As the line got set, I made sure we lined up at the correct depth and looked back to Devin to make sure he was ready. Again, there was something about the look in his eyes that told me he was going to be ok. I saw no fear. Just poise. Almost as if he had no idea what situation he was in. Or at least that he didn’t realize the magnitude of what he was about to do. At this point, I fully expected coach Kirk Ferentz of Iowa to call a time-out to ice the kicker. For what its worth, every kicker I have ever talked to would rather the coach call a time out in that situation. The opportunity to go out there, envision the kick, and gather yourself during a time out helps more than hurts usually. With kickers who have the correct mental make-up anyways. Devin has the right make-up. I yelled the cadence and put the perfect snap down gently on the spot. I look up to see that Devin’s kick wasn’t blocked. Its high enough, its just left of center, its good. A no-doubter. Devin knew it was good the moment the ball left his foot.

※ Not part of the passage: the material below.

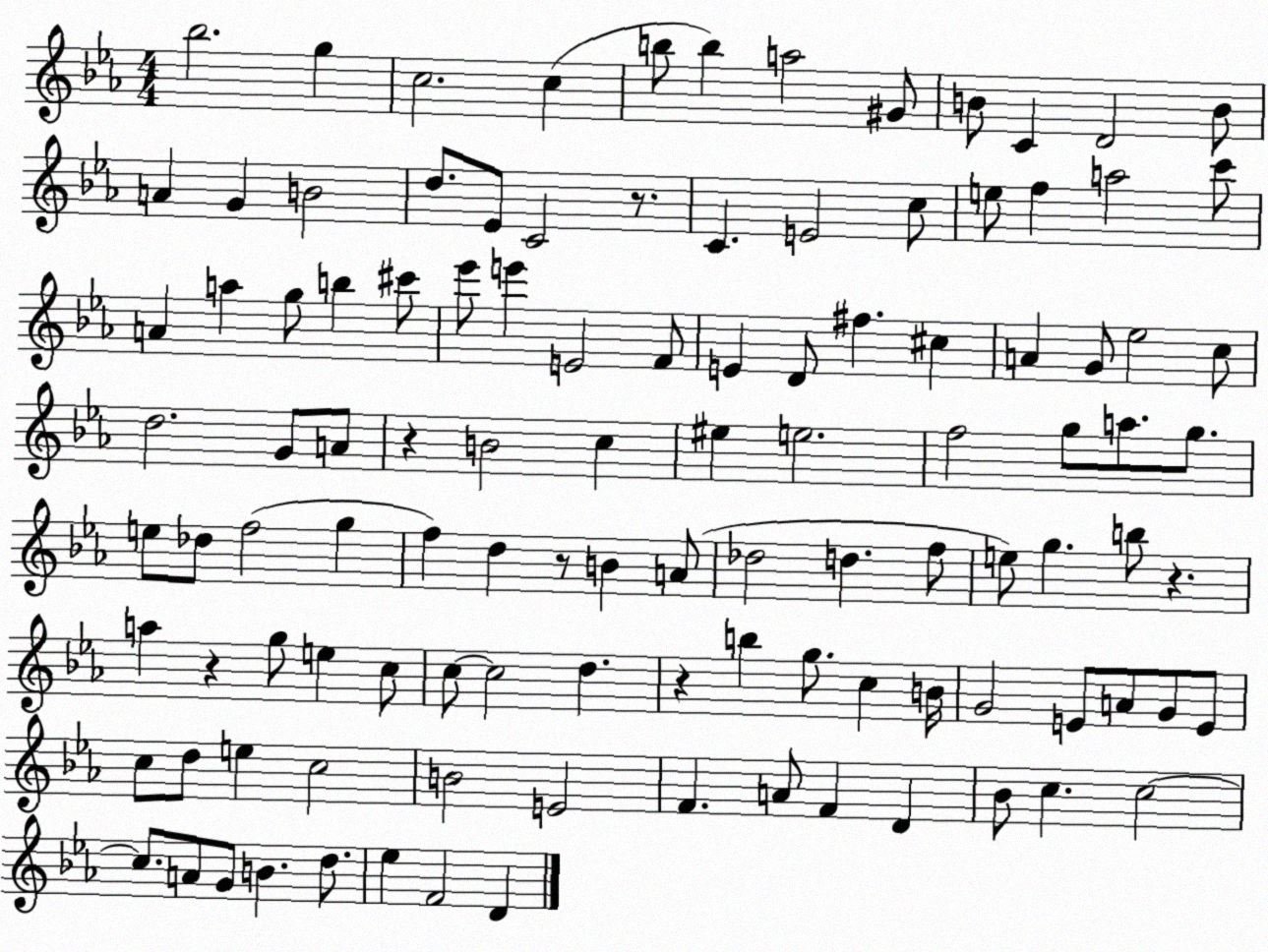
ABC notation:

I turn to celebrate with Devin, and he is gone. He had immediately ripped off his helmet and streaked down the middle of the field, soccer style. I highly doubt that was a coincidence. By the time I caught up with him around the opposite 30 yard line, so had the mad rush from our sidelines. We started jumping in unison, with a different cleat landing squarely on my kicking foot every jump. Suddenly our huddle tightens. It is getting hard to move. I have felt this before, in 2006, after the Michigan game. The crowd is rushing the field! Our 106,000 best friends were coming down to the field to party with us.

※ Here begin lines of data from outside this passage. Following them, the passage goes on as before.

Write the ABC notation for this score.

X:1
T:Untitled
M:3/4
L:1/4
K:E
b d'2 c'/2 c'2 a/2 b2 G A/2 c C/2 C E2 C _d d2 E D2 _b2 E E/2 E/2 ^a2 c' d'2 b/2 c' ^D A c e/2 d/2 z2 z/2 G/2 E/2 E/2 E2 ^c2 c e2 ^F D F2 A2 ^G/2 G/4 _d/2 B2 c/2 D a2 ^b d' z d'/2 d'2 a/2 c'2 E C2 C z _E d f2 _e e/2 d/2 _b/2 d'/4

The crowd rush is the most intimate celebration in sports. The players and fans join for a few minutes of euphoria, in celebration of a great accomplishment. In other words, its pretty damn amazing. Thank you Buckeye fans for being the most passionate and undying bunch out there. Knowing the amount that you care about our team really helps us focus. Being able to celebrate with you once in a while is a great blessing and reminder. There is no feeling quite like singing Carmen Ohio with your teammate under one arm, and a beautiful co-ed under the other.

We were going to the Rose Bowl. The Granddaddy of them all! And we earned our trip in walk-off fashion. The hard work paid off, and a better script could not have been written. I want to thank you all for believing in us and taking us there. Buckeye Nation is a dream, inside of a wish, inside of the hardest working, most beautiful people that God placed on this Earth. We would have done nothing without you. Go Bucks.

 

10 comments
Jon Thoma
Jon Thoma

How humbling are these posts?! None of this would mean anything without the fans. Thank YOU!

Grant Edgell
Grant Edgell

Are there really any 'strangers' once you enter the 'Shoe?

pfitz2
pfitz2

When you enter yes, when you exit, no.

Empire Staff
Empire Staff

This is exactly the perfect response. I'm going to go make 100,000 new friends this fall.

Brown Buckeye
Brown Buckeye

GO BUCKS!!! That game led us to the game in Pasadena -- the only Buckeye game that I ever attended with my father and 2 older brothers, all of us together. Thanks for the memories.

pfitz2
pfitz2

Jon, I live in NJ and go to Cols. for a game every year. I picked Iowa that year in the summer and had no way of knowing that the winner would go to the Rose Bowl. When OT started I went to the bathroom and by the time I made my back to C deck, Devin was ligning up. I couldn't watch until I heard the 'Shoe go nuts. I have never hugged so many strangers in my life! What a game.

Jon Thoma
Jon Thoma

Everyone seems to have a great story from that game. It was a beautiful day in Columbus!

Jon Thoma
Jon Thoma

Thanks for reading, I haD a great time writing this one!

MaliBuckeye
MaliBuckeye

Amazing article, Jon- thanks for sharing it with us. "Laces Out!!!"